Konsentrasi gas ini di atmosfer meningkat dengan sangat cepat, yang walaupun
masih tergolong langka di atmosfer tetapi gas ini mampu menangkap panas jauh
lebih besar dari gas-gas rumah kaca yang telah dikenal sebelumnya. Hingga saat
ini sumber industri penghasil gas ini masih belum teridentifikasi.
B.
Penyebab Efek Rumah Kaca
Efek
rumah kaca disebabkan karena naiknya konsentrasi gas karbondioksida (CO2) dan
gas-gas lainnya (CH4(Metan) dan N2O (Nitrous Oksida), HFCs (Hydrofluorocarbons),
PFCs (Perfluorocarbons) dan SF6 (Sulphur hexafluoride) di atmosfer yang disebut
gas rumah kaca. Kenaikan konsentrasi gas CO2 ini disebabkan oleh kenaikan
pembakaran bahan bakar minyak (BBM), batu bara dan bahan bakar organik lainnya
yang melampaui kemampuan tumbuhan-tumbuhan dan laut untuk mengabsorbsinya.
Gas
rumah kaca dapat dihasilkan baik secara alamiah maupun dari hasil kegiatan
manusia. Namun sebagian besar yang menyebabkan terjadi perubahan komposisi gas
rumah kaca di atmosfer adalah gas-gas buang yang teremisikan keangkasa sebagai
hasil dari aktifitas manusia untuk membangun dalam memenuhi kebutuhan hidupnya
selama ini. Aktifitas-aktifitas yang menghasilkan gas rumah kaca diantarnya
dari kegiatan perindustrian, penyediaan energi listrik, transportasi dan hal
lain yang bersifat membakar suatu bahan.

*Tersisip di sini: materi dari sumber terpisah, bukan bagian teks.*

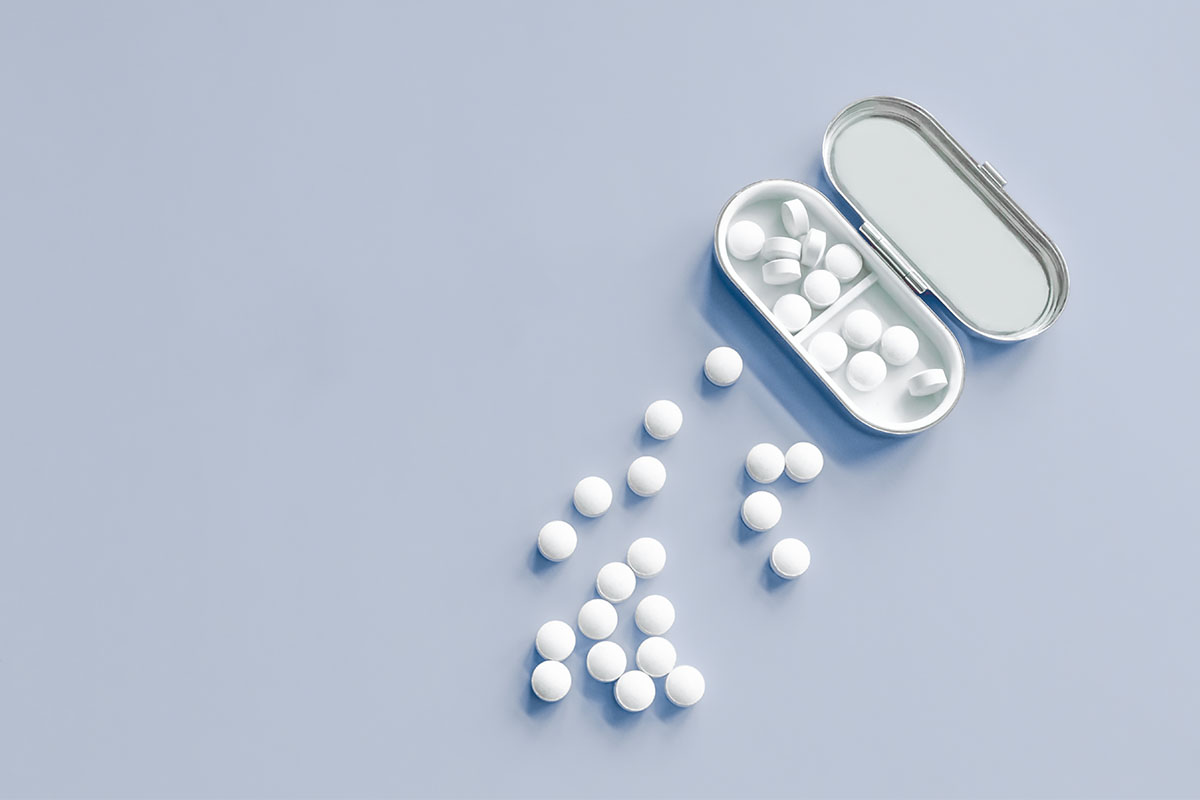 An array of melatonin caplets against a blue background.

Sedangkan dari peristiwa secara alam
juga menghasilkan/ mengeluarkan gas rumah kaca seperti dari letusan gunung
berapi, rawa-rawa, kebakaran hutan, peternakan hingga kita bernafaspun mengeluarkan
gas rumah kaca. Selain itu aktifitas manusia dalam alih guna lahan juga
mengemisikan gas rumah kaca.
Mekanisme
kerja gas rumah kaca adalah sebagai berikut, lapisan atmosfir yang terdiri
dari, berturut-turut : troposfir, stratosfir, mesosfir dan termosfer: Lapisan
terbawah (troposfir) adalah bagian yang terpenting dalam kasus efek rumah kaca.
Sekitar
35% dari radiasi matahari tidak sampai ke permukaan bumi. Hampir seluruh
radiasi yang bergelombang pendek (sinar alpha, beta dan ultraviolet) diserap
oleh tiga lapisan teratas. Yang lainnya dihamburkan dan dipantulkan kembali ke
ruang angkasa oleh molekul gas, awan dan partikel. Sisanya yang 65% masuk ke
dalam troposfir. Di dalam troposfir ini, 14 % diserap oleh uap air, debu, dan
gas-gas tertentu sehingga hanya sekitar 51% yang sampai ke permukaan bumi. Dari
51% ini, 37% merupakan radiasi langsung dan 14% radiasi difus yang telah
mengalami penghamburan dalam lapisan troposfir oleh molekul gas dan partikel
debu. Radiasi yang diterima bumi, sebagian diserap sebagian dipantulkan.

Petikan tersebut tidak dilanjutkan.